Outwardly calmness itself, the rector was in reality much perplexed. A terrible family quarrel had taken place, indirectly owing to him and his—a reflection sufficiently distressing to one of his refinement of feeling. Then, again, this young man must not be allowed to throw up his prospects for life in a fit of rash impulse and hot temper. No—at all costs this must be prevented.
“We will waive the question of duty,” he said. “But is there no chance of a reconciliation? Surely there is. When you get to my age you will realise that life is too short for these prolonged feuds; quarrels between blood relations are of all things the most heart-rending, and the day may come when you will bitterly regret this one. And then, to take a lower ground. How can you, in a moment of anger, and all for the sake of a few hasty words, throw up your really splendid prospects? And how can I be a party to your doing so. Surely you must see that it is impossible.”
“There is no chance of any reconciliation,” answered Roland deliberately. “I would hardly forgive one or two of the things he dared to say, even if he were to go down on his knees and beg me to—and I think even you would hardly expect him to do that. As for what you are good enough to call ‘a few hasty words,’ I tell you we exchanged opinions of each other that would have made your hair stand on end could you have heard us; nor was that all. In the matter of prospects, I have always considered my chances of ever possessing Cranston to be so very vague and shadowy as not seriously worth reckoning in the light of prospects. And then, look what such ‘prospects’ would involve. Perhaps twenty years of absolute slavery to the whims and caprices of the hardest and most unloving of masters. Only think of that! And at fifty I might find myself in possession, and Heaven knows I should deserve to. So, in renouncing these most shadowy prospects, this morning, I could not feel that I was actually undergoing any real loss. But I thought I had made all this clear to you yesterday—I mean as regarded the uncertainty of any prospects beyond the actual means in my possession,” he added in an anxious tone.

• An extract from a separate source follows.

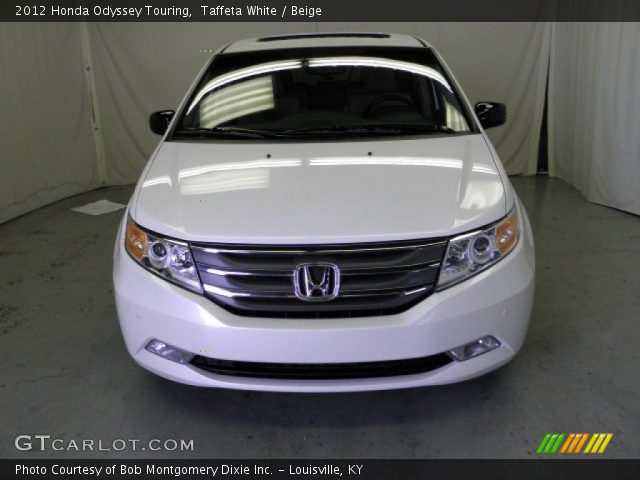 2012 Honda Odyssey Touring in Taffeta White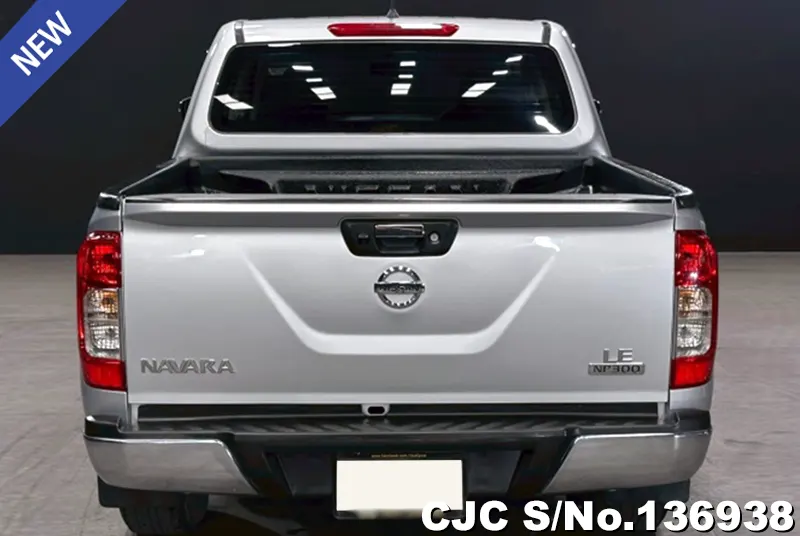 Nissan Navara in Silver for Sale Image 5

“I don’t think you understand me, Mr Dorrien,” said the rector, rather stiffly. “I might have hoped you would have known me better than to suppose that I was reasoning otherwise than disinterestedly in this matter of your eventually possessing Cranston or not; or that the latter contingency would detract in my eyes from your eligibility to become my daughter’s husband, you being otherwise in a satisfactory position. What I did mean to convey was this. You are young now; all your feelings and aspirations are strong, and warm, and healthful, and you are capable of self-sacrifice; you dearly love my child. I can see that readily enough, although you are not one of the effusive order of lovers,” he went on, his tone softening, and a quiet, kindly smile gleaming in his eyes. “You would make any sacrifice for her—and for all this I honour you. But, as I said before, you are young. Well. You give up this inheritance, and you do so cheerfully. Middle age comes on, and you see what should have been yours in other hands. You are a stranger in the home of your ancestors—you have the cares and vexations—ay, and the disappointments of life crowding upon you, while another enjoys in ease and luxury your noble birthright, which has then passed away from you for ever. How will you feel then? Will you have the strength resolutely to bear up against this most mortifying contrast, to banish the thought of it far from you—or will it embitter—eventually perhaps crush the remainder of your existence? This is what I have been thinking of while we have been sitting here. Now have you thought of it?”
He laid his hand on the other’s arm with an affectionate gesture, and his dark eyes were full of sympathy as he bent his glance upon the young man’s face, awaiting the answer.
“I have thought of it, Dr Ingelow,” was the quiet reply. “I had already done so—had weighed the pros and cons most carefully before I spoke to you yesterday. And—”
He stopped short. He was nearly giving the rector an inkling of the other insurmountable obstacle which stood in the way of reconciliation, and any material advantage it might bring with it, but with a natural distaste for discussing family matters with an outsider—however sympathetic—he forebore. Had he not done so, it is possible that the answer to his wishes might have been different; as it was, Dr Ingelow would not give up the notion that the quarrel between Roland and his father, however grave, was yet capable of being healed, and it was not for him, a Christian priest, irrespective of other considerations, to be the means of widening the breach.